##### STORED DATA

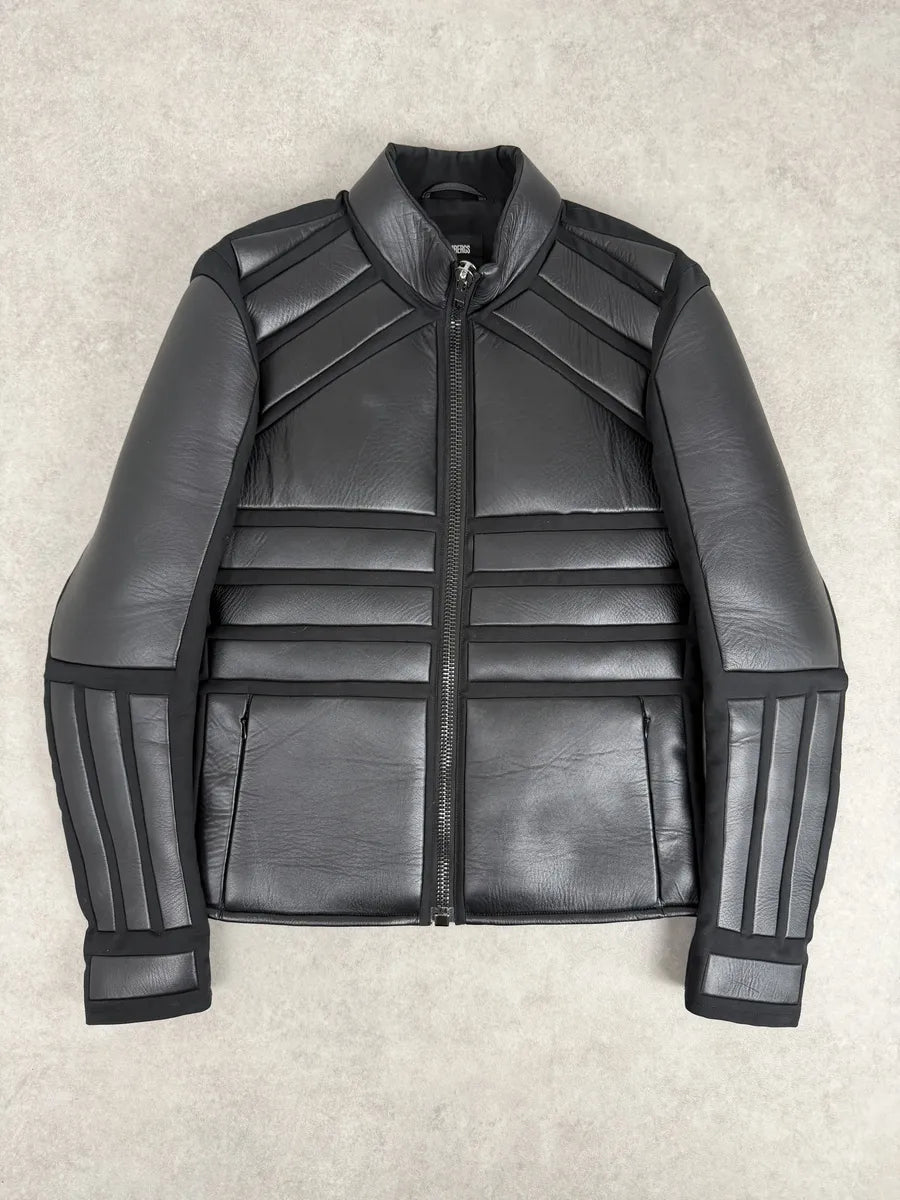 AW2007 Dirk Bikkembergs Black Leather Quilted Motorcycle Jacket tjNLTQA 0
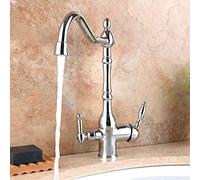 Sistema di filtraggio dell'acqua del rubinetto della cucina girevole a 3 vie - Rubinetto miscelatore cromato per un facile accesso all'acqua durevole ed elegante aggiornamento della cucina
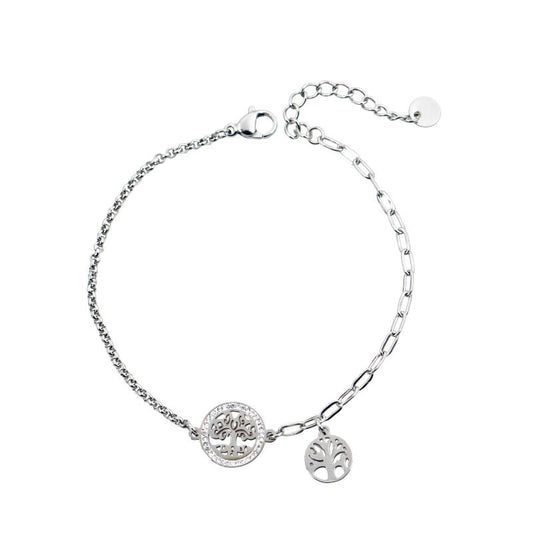 Ασημί βραχιόλι με δέντρο της ζωής και διακοσμητικά μοτίβα.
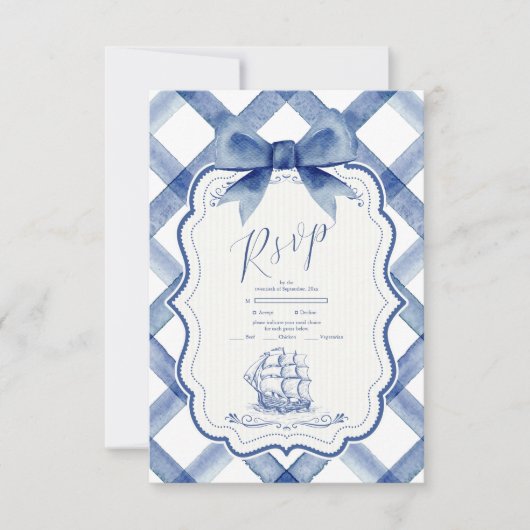 Chic Nautical Navy Blue Bow Wedding RSVP Kaartje (Voorkant)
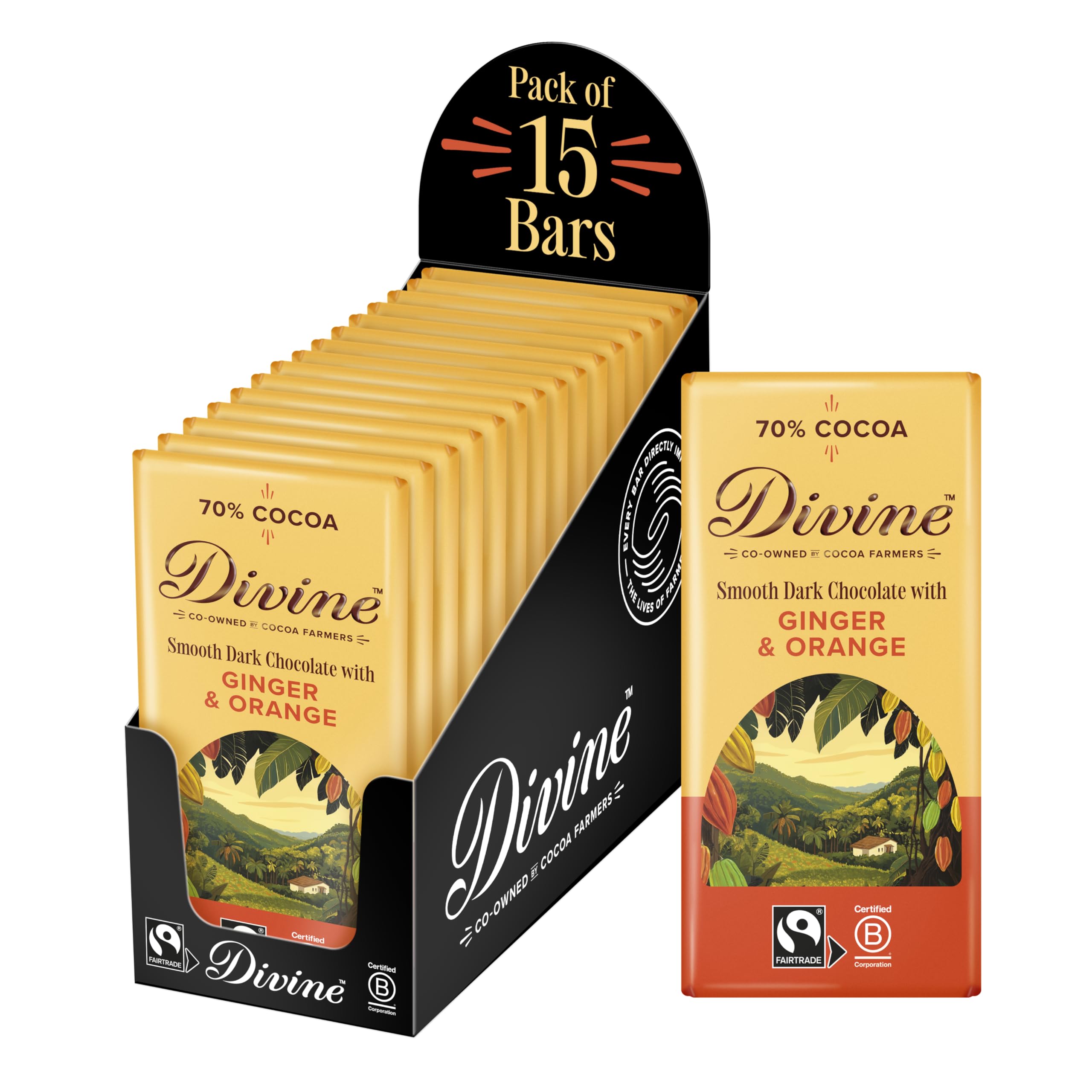 Divine 70% Cocoa Dark Chocolate with Ginger & Orange 15 x 90g Bars – Fairtrade Dark Chocolate – Warming Ginger & Zesty Orange Pieces – Ethical Premium Chocolate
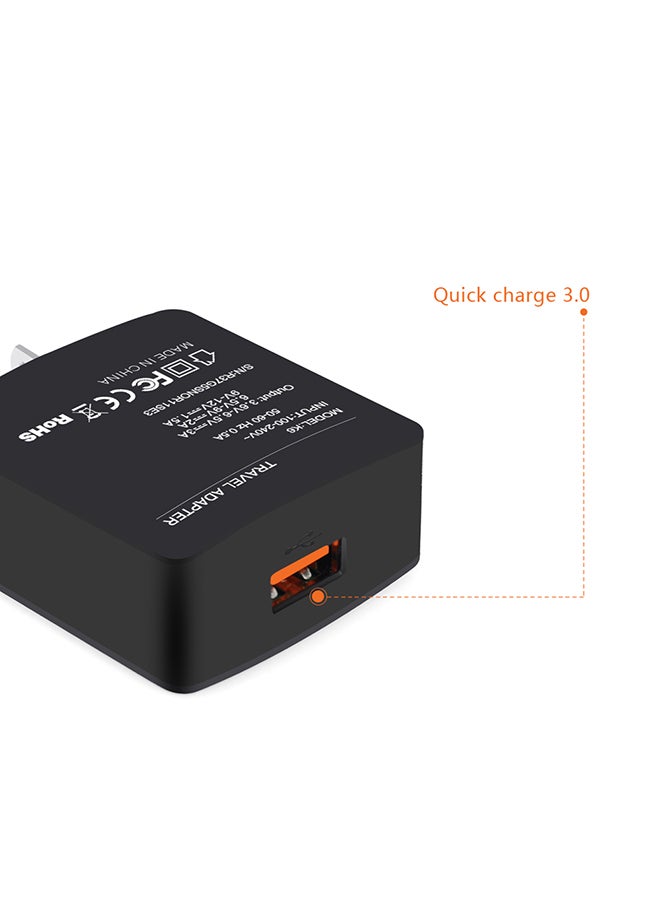 كيه كيه مون محول تيار مع كابل بيانات بمنفذ مايكرو USB أسود - Image 2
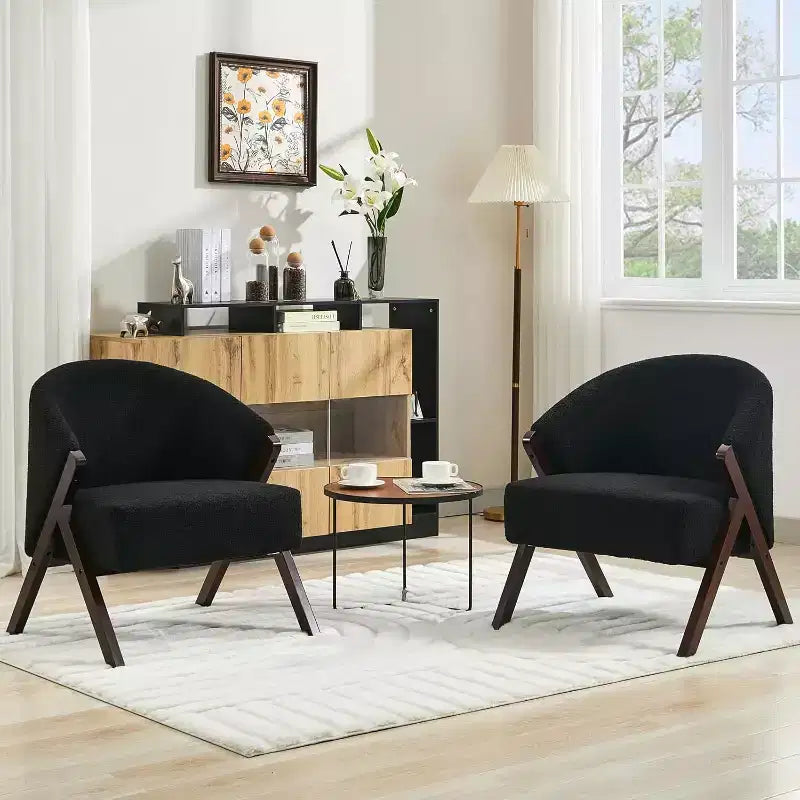 Fauteuil pivotant d'appoint Mid-Century Modern, cadre en bois, confortable, rembourré, idéal pour la lecture, facile à assembler, pour salon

##########

▸ **TASK INSTRUCTIONS**
Copy everything above from the line holding "Sistema di filtraggio" down to the line holding "Ασημί βραχιόλι με", both ends included, exactly as it stands and without the pictures.

▸ **SOLUTION FOR THIS PROBLEM**
 Sistema di filtraggio dell'acqua del rubinetto della cucina girevole a 3 vie - Rubinetto miscelatore cromato per un facile accesso all'acqua durevole ed elegante aggiornamento della cucina
 Ασημί βραχιόλι με δέντρο της ζωής και διακοσμητικά μοτίβα.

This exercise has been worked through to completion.